Selasa, 02 Juni 2015

SMS Ria

Hen, njaluk alamat omahmu (Hen, aku minta alamat rumahmu).
Begitu isi sms yang barusan aku baca. Nomornya tidak tercantum di kontak ponselku. Tapi melihat dari bahasa SMSnya, sepertinya ini teman lama. Siapa? Aku belum tau. Tapi dari nomornya, sepertinya familiar. Akhirnya aku mengambil buku kontakku. Aku selalu menyimpan nomor semua temanku di sana. Jaga-jaga jika kontak di ponselku terhapus atau hilang. Satu-persatu nomor aku cocokkan dengan pengirim sms tadi. Sampai akhirnya aku mendapatkan satu nama. Ria, temanku semasa SD dulu. Ria yang rumahnya paling dekat dengan sekolah. Ria yang..........cantik itu.
Seketika pikiranku melayang ke masa-masa SD ketika aku dan Ria masih menjadi sahabat. 6 tahun bersama dan selalu bersaing untuk menjadi yang terbaik di kelas membuat aku dan Ria berteman akrab. Ria anak yang rajin, aktif, dan mudah bergaul dengan anak lain. Dia cukup pintar di kelas, tapi bukan yang paling pintar. Namun keaktifan dia membuat Ria menjadi murid favorit guru-guru SDN Sidotopo II. Sedangkan aku, aku juga murid favorit guru, karena aku tidak pernah absen menjadi Juara Kelas semenjak kelas 1 SD. Namun berbeda dengan Ria, aku anak yang pendiam.
Lamunanku buyar setelah ponselku kembali berdering dengan nyaring, tanda ada SMS masuk. SMS yang sama dari nomor yang sama. “Oh iya, lupa belum aku balas” pikirku dalam hati. Tetapi kali ini aku membaca SMS itu dengan perasaan yang berbeda dengan SMS yang pertama. Kali ini aku sadar akan dua hal. SMS itu adalah awal dari suatu berita besar dan akhir dari cerita cinta monyet masa SD ku.
Ria adalah cinta monyetku. Dia adalah anak pertama yang mengajakku berkenalan saat hari pertama masuk sekolah kelas 1. Waktu itu aku masih ditemani Mama dan Ria kecil datang menghampiriku dan mengajakku berkenalan. Dari semua anak, aku yang dipilihnya untuk diajak berkenalan. Aku yang gendut dan jelek ini, yang mungkin cuma Mama yang menganggapku ganteng. Berbeda dengan Ria, yang hampir semua mama-mama yang hadir hari itu memanggilnya Cantik. Termasuk Mamaku.
Jalan Sidotopo Jaya IIA no. 23.” Aku mulai mengetik balasan untuk SMS dari Ria. Tidak lama lagi, pikirku, bakalan ada Pak Pos datang ke rumah. Perasaan ini bercampur aduk.
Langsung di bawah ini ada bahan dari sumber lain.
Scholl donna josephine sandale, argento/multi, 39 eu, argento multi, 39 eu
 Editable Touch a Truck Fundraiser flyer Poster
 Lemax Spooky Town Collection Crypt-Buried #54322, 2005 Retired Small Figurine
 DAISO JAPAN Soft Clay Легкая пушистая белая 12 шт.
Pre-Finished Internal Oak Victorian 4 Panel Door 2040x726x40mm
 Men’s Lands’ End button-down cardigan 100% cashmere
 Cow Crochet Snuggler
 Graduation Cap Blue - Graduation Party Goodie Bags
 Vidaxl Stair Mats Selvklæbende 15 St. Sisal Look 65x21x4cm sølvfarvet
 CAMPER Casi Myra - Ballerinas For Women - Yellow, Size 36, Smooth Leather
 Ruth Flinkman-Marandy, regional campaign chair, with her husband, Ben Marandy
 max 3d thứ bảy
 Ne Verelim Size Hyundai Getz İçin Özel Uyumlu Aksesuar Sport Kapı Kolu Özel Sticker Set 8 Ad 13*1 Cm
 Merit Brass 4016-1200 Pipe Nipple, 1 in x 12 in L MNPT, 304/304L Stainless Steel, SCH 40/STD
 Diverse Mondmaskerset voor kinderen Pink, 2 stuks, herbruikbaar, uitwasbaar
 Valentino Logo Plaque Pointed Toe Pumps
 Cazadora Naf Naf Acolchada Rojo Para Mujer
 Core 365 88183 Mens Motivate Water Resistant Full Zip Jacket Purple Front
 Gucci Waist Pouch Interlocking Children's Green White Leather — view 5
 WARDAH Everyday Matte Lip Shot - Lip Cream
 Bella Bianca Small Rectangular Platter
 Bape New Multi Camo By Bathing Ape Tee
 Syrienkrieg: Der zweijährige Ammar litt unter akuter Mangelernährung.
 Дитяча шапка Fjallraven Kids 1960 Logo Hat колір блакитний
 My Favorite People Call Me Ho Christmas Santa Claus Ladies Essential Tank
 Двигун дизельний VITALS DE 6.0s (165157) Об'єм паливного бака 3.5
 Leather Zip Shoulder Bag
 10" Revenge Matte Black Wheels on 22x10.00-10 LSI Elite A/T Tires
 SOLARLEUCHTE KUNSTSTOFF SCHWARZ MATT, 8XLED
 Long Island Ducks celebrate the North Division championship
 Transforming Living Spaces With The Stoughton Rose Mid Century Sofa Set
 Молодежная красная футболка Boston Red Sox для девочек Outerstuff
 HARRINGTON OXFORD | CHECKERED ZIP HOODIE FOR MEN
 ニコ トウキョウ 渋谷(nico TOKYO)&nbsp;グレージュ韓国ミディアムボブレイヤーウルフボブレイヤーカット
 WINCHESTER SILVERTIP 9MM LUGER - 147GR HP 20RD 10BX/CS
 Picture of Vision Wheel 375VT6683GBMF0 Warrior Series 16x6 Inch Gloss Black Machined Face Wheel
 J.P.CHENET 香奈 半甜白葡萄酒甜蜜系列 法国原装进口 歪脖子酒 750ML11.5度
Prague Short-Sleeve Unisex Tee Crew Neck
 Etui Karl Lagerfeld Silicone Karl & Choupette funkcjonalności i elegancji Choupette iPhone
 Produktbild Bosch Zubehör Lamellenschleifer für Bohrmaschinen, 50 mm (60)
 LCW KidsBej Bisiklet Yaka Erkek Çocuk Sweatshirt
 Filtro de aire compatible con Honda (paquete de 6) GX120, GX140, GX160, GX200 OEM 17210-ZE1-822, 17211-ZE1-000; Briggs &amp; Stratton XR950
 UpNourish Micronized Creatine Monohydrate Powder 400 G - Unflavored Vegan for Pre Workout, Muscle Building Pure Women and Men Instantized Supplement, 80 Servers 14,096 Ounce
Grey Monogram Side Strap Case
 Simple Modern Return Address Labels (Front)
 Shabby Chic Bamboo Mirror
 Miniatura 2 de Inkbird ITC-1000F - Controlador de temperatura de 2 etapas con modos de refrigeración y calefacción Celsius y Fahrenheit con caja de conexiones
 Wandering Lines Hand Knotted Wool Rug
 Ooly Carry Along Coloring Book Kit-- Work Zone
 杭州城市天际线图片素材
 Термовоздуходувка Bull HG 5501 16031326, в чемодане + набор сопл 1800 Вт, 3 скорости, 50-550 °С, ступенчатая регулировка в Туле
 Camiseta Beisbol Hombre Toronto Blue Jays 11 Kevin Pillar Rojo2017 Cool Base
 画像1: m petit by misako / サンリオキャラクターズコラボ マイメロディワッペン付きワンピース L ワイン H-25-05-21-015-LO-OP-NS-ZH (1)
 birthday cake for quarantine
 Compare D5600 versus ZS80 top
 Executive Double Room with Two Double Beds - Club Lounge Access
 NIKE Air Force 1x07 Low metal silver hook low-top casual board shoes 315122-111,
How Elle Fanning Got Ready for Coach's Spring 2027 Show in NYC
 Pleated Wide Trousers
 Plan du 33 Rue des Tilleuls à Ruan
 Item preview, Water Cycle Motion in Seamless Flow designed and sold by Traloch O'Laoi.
Tapi yang paling terasa adalah, aku ikut bahagia jika sampai ada undangan datang ke rumah. Bahagia, karena dalam waktu dekat aku akan bertemu lagi dengan sahabat sekaligus cinta monyetku ini setelah hampir lebih dari 10 tahun sudah tidak pernah bertemu.
Aku mengirimkan balasan untuk SMS dari Ria sambil bertanya-tanya. Apakah semudah itu rumahku dilupakan? Padahal dulu dia sering main ke sini. Bahkan ketika aku kecelakaan waktu kelas 3 SD dan kakiku patah, hampir setiap minggu dia kemari selama 3 bulan hanya untuk memberiku catatannya untuk disalin. Saat aku menyalin catatannya, biasanya dia sibuk mencorat-coret perban di kakiku dengan berbagai macam gambar dan tulisan. Dan Mama akan dengan senang hati mengajaknya ngobrol tentang berbagai macam hal, sebagian besar tentang masa kecilku. Mamaku memang sangat akrab dengannya sebelum akhirnya kita lulus SD dan Ria pindah dari Sidotopo. Semenjak saat itu pula, aku tidak pernah bertemu lagi dengannya.
TING TONG! TING TONG! TING TONG! TING TONG!
Lamunanku buyar lagi. Kali ini aku mendengar suara yang sudah lama tidak pernah aku dengar. Suara cempreng khas yang sangat familiar di telingaku, mengucapkan 4 kata yang dari pertama kali aku mendengarnya, tidak pernah berubah sama sekali.
“Assalamualaikum Tante, Hendranya ada?”